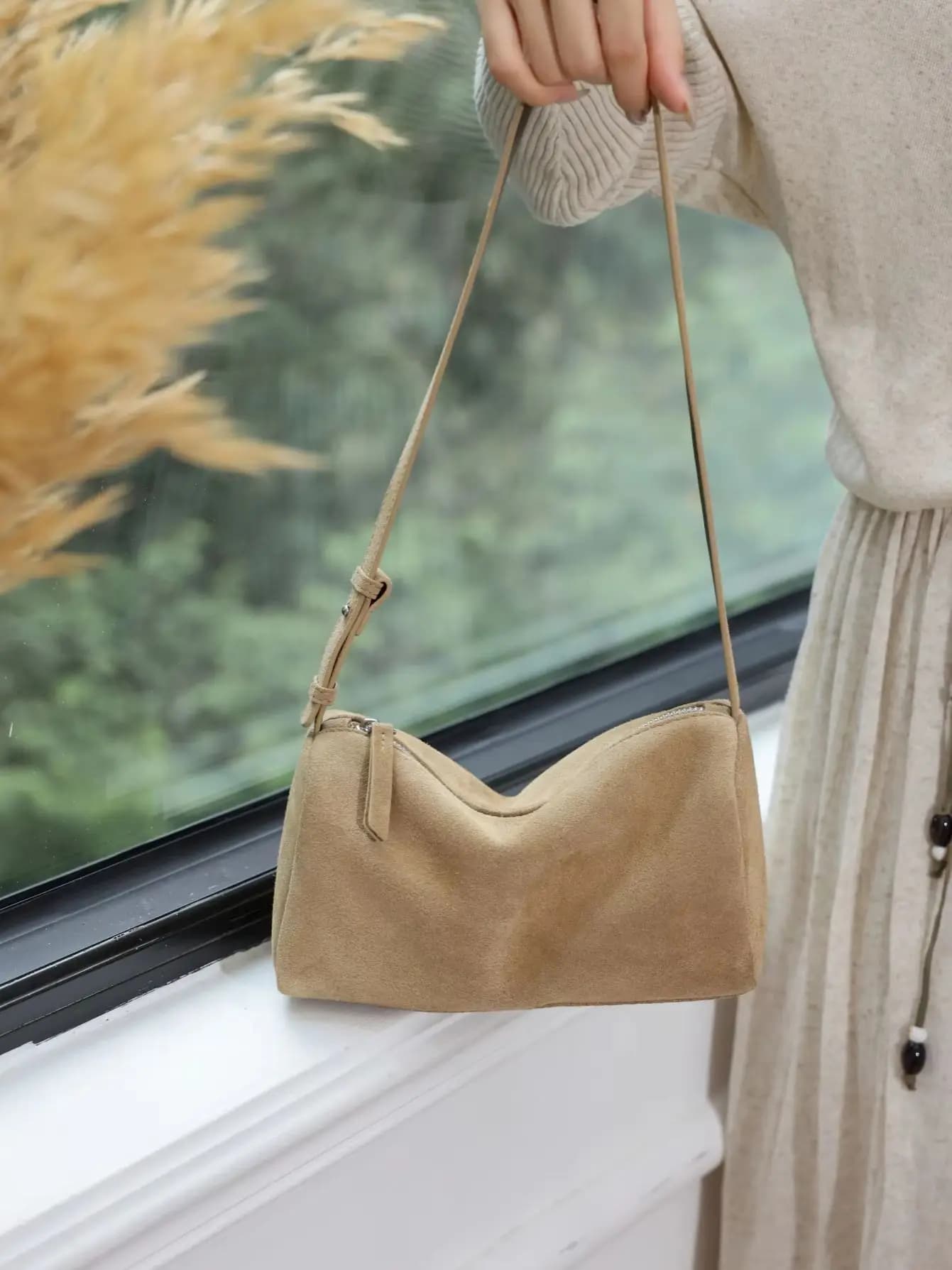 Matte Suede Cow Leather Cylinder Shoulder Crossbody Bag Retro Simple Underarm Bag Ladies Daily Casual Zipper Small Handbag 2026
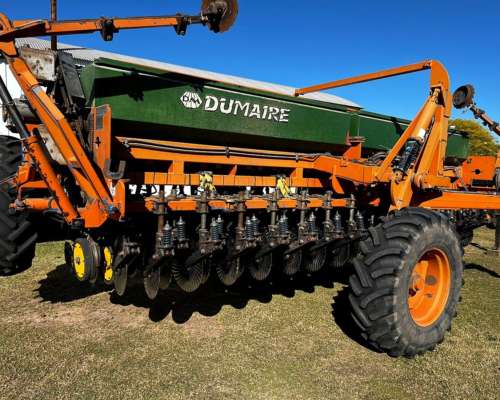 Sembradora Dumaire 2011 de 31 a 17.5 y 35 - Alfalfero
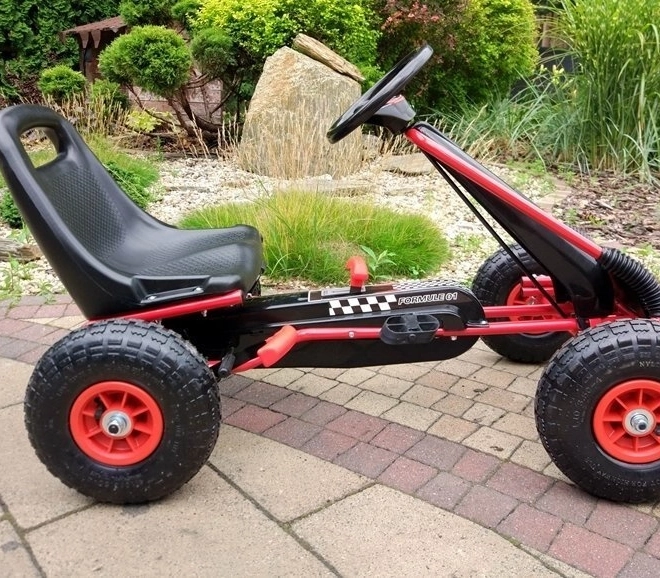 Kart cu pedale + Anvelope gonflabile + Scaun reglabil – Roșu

____

Goal of the exercise: Could you repeat each line above exactly as written? Omit the pictures.

Result for this exercise:
 Matte Suede Cow Leather Cylinder Shoulder Crossbody Bag Retro Simple Underarm Bag Ladies Daily Casual Zipper Small Handbag 2026
 Sembradora Dumaire 2011 de 31 a 17.5 y 35 - Alfalfero
 Kart cu pedale + Anvelope gonflabile + Scaun reglabil – Roșu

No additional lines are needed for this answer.